(To do)
From the line containing "Room Guilford Street in Greater London" down to the line containing "Mercedes-Benz EQB 300", copy out the entries below exactly, both lines included, and nothing else; pictures do not belong in the copy.

(Record extracts)
★ ★ ★ ★
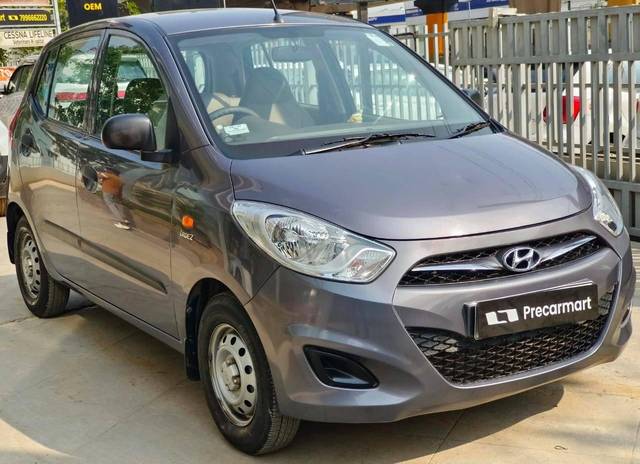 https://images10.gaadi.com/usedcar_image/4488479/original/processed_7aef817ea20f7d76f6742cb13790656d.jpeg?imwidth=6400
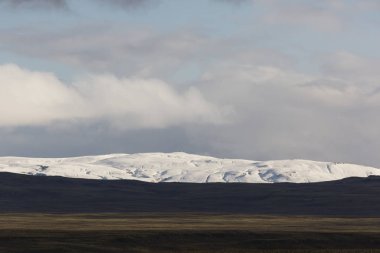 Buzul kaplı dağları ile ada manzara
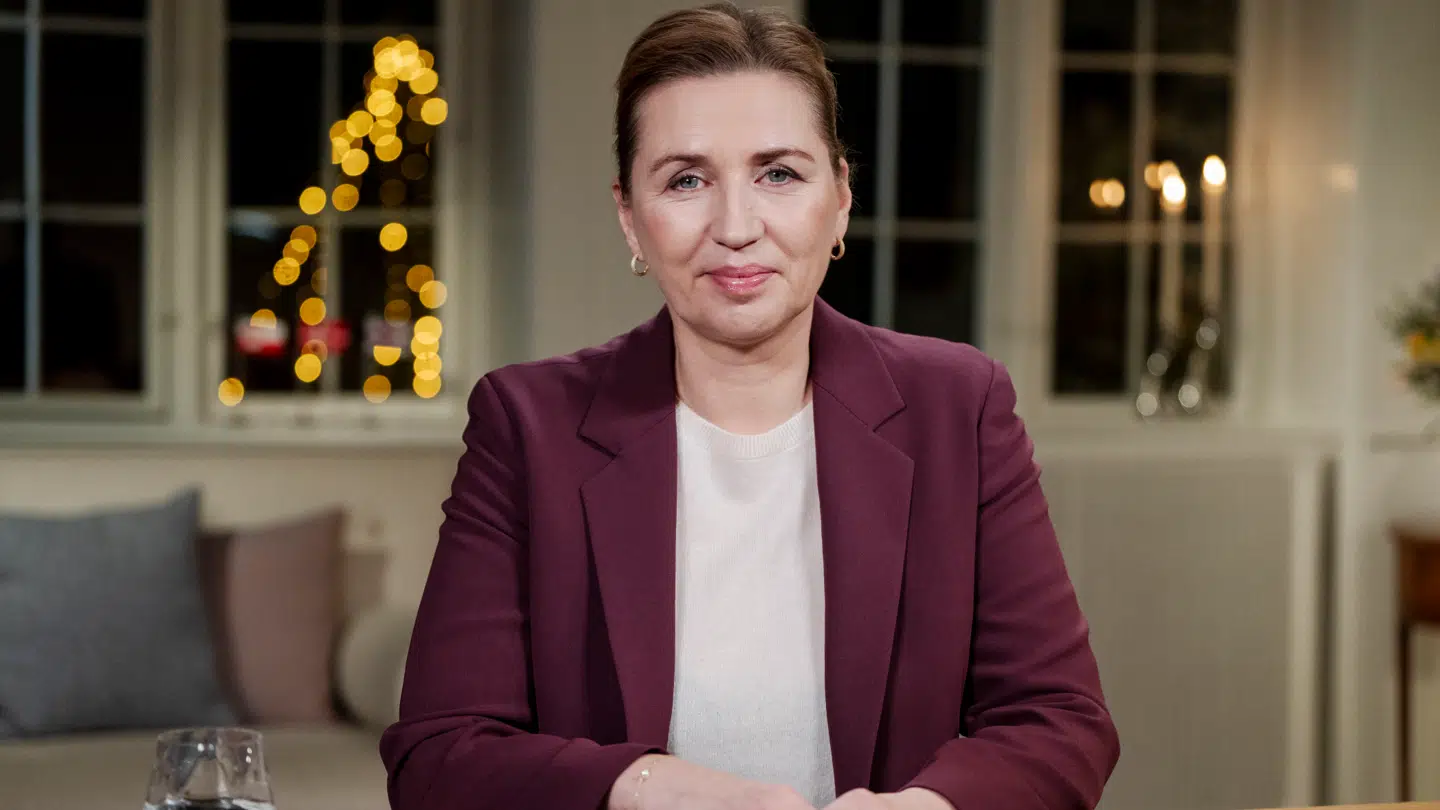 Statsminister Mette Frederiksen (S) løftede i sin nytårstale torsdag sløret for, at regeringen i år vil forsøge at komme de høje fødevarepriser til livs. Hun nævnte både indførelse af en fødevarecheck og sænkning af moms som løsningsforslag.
★ ★ ★ ★
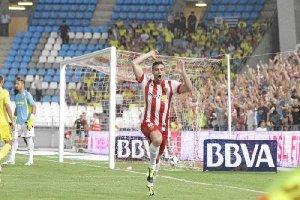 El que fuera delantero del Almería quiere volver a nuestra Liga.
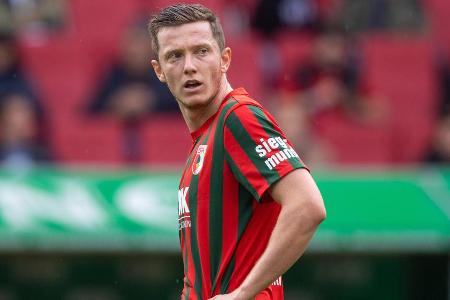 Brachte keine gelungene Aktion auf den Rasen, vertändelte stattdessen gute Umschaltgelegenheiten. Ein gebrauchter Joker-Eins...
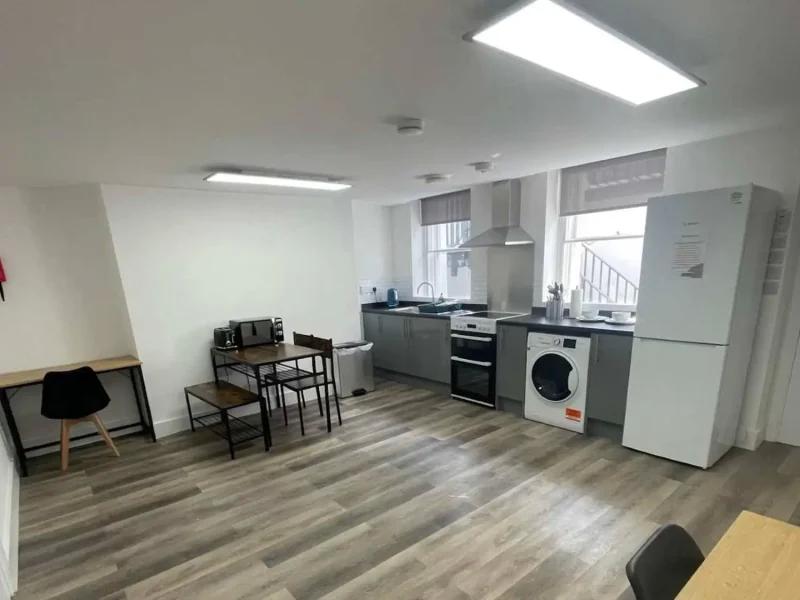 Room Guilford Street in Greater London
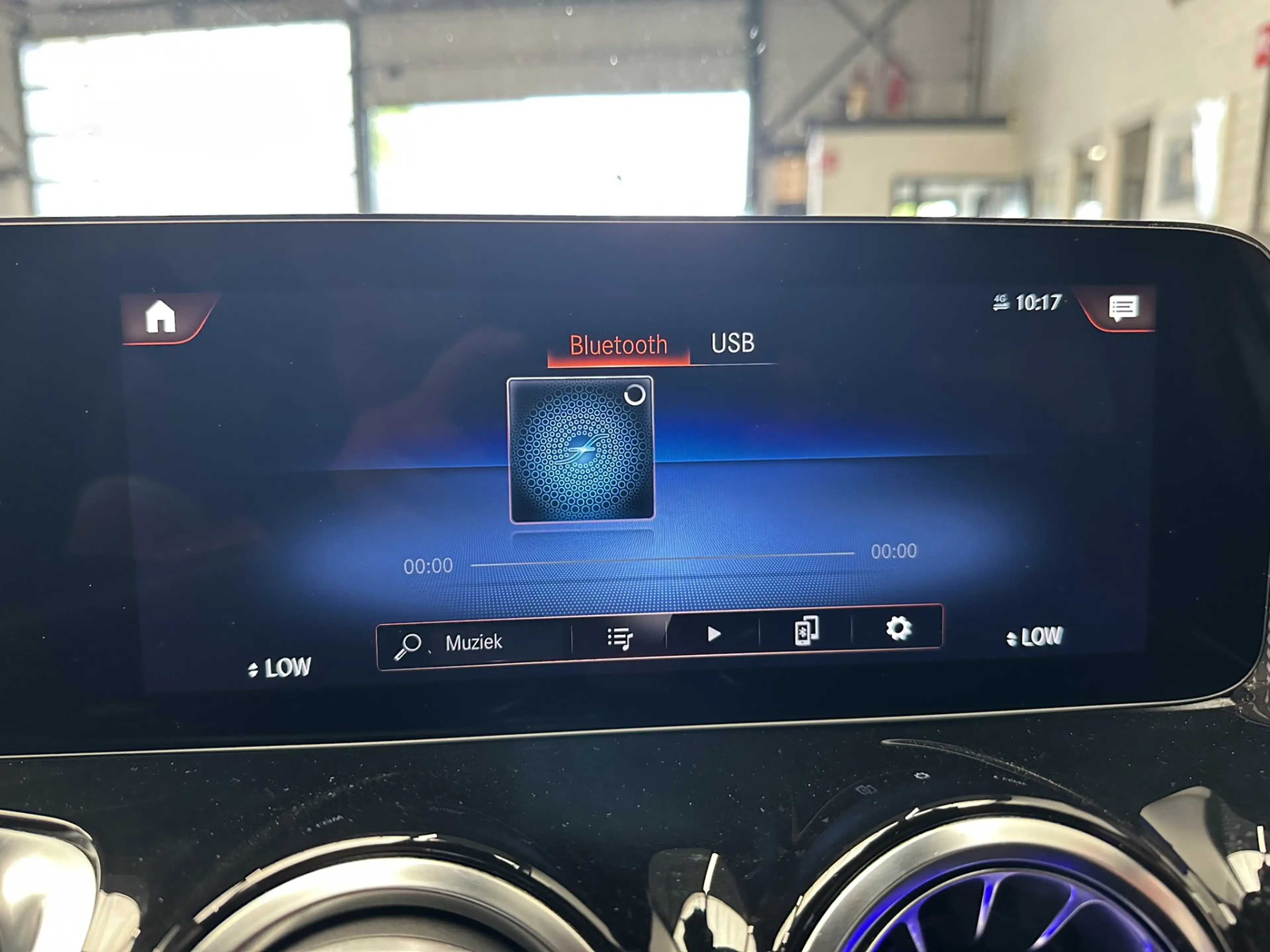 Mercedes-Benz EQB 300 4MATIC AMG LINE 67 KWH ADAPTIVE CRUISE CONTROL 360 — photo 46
★ ★ ★ ★
(Result of the task)
 Room Guilford Street in Greater London
 Mercedes-Benz EQB 300 4MATIC AMG LINE 67 KWH ADAPTIVE CRUISE CONTROL 360 — photo 46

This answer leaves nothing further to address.